Pour autant, il est « important de ne surtout pas baisser la garde », a insisté Bernard Delas. « Le marché doit impérativement continuer de s’adapter en faisant évoluer son modèle économique et en constituant les réserves dont il pourrait avoir besoin demain », a-t-il martelé. D’où une nouvelle exhortation de l’ACPR à la « modération » en matière de revalorisation des taux servis sur les fonds euros, des supports qui captent toujours l’essentiel des sommes versées sur les contrats d’assurance-vie.
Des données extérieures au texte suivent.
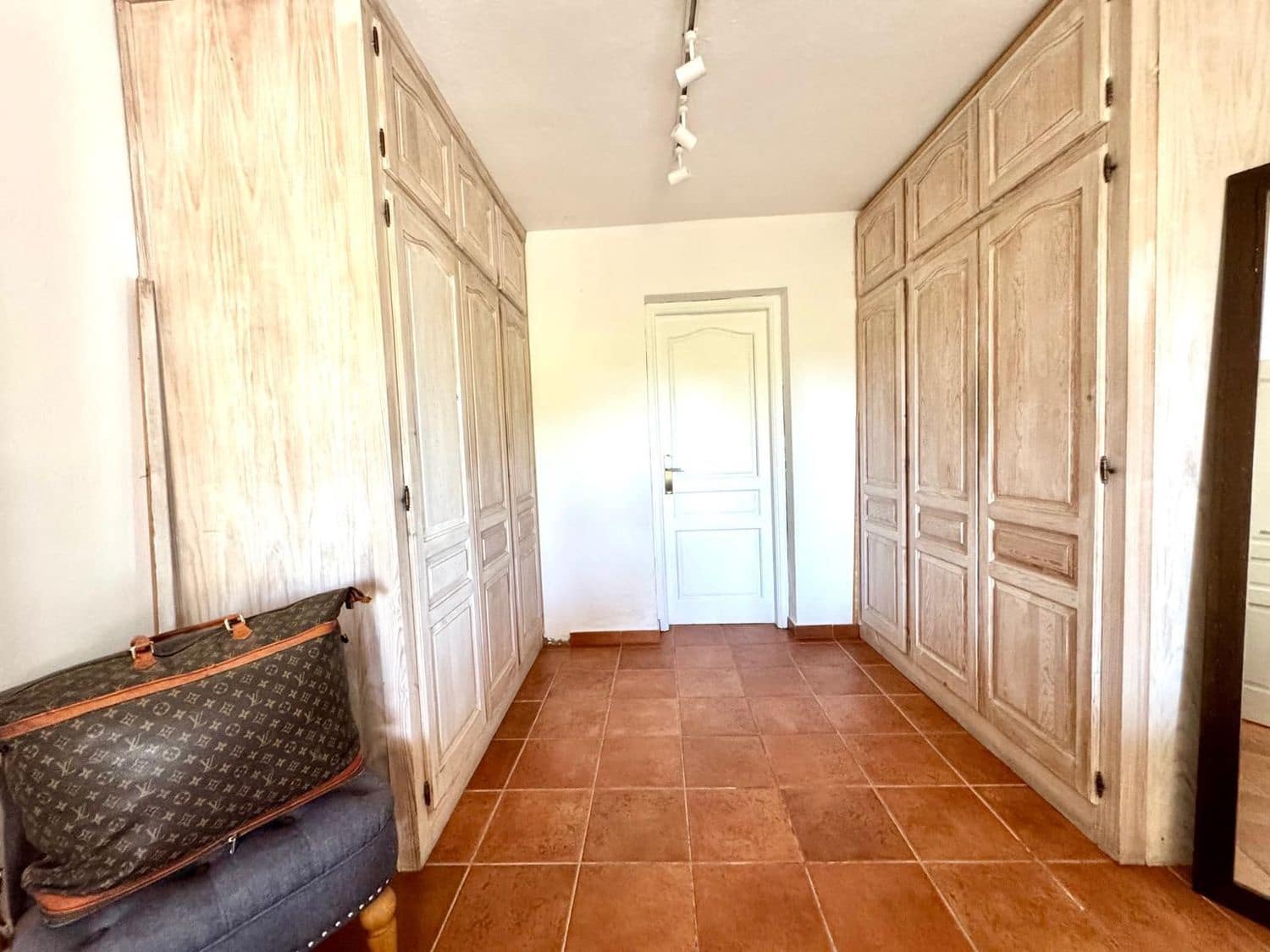 2 sypialnia Willa do wynajęcia w San Pedro de Alcantara z basenem garażem - 3 500 € (Ref: 9751508)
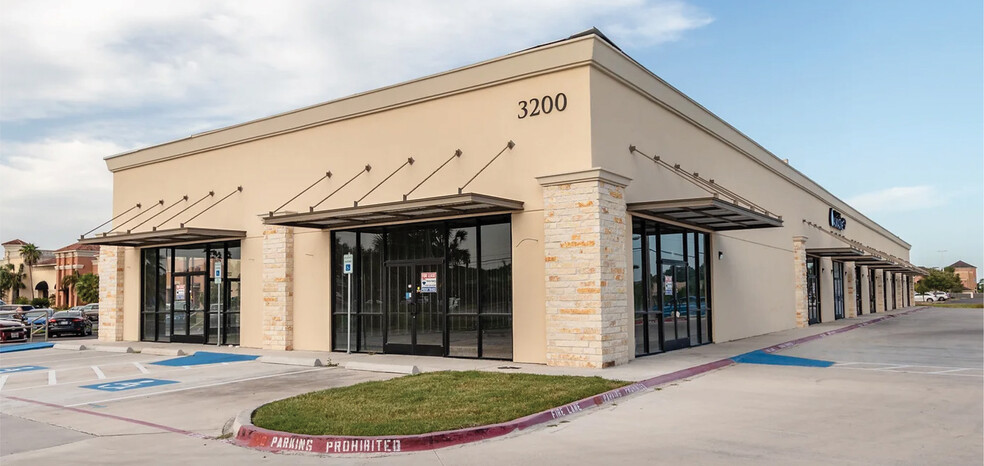 3200 N McColl Rd, McAllen, TX for lease - Building Photo - Image 2 of 3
Et ce, alors que les obligations entrées aujourd’hui en portefeuille rapportent moins que les taux servis aux épargnants.

« Dans une perspective de moyen long terme, il n’est pas raisonnable de laisser penser aux épargnants qu’ils peuvent espérer bénéficier durablement à la fois de la garantie du capital investi et d’une rémunération excédant de 2 à 3 points le niveau de l’inflation », a fait valoir Bernard Delas. La rémunération servie par les fonds euros est certes à la baisse depuis des années, mais la descente se fait de manière graduelle. Ces supports ont ainsi encore rapporté en moyenne 2,3 % au titre de 2015, contre 2,5 % pour 2014 et 2,8 % pour 2013. Compte tenu de l’inflation qui a été nulle l’an dernier, leur rémunération a été en réalité plus élevée qu’en 2014.

Dans ce contexte, « j’encourage les pouvoirs publics et les professionnels à poursuivre leur réflexion en matière de réorientation de l’épargne, notamment via le développement de nouveaux produits d’épargne de long terme, répondant à la fois à l’environnement de taux bas et aux perspectives de long terme des ménages », a déclaré François Villeroy de Galhau « Pour permettre leur développement, il conviendrait, à tout le moins, d’éviter des distorsions fiscales au détriment de ces produits par rapport à l’épargne liquide et sans risque », a-t-il glissé.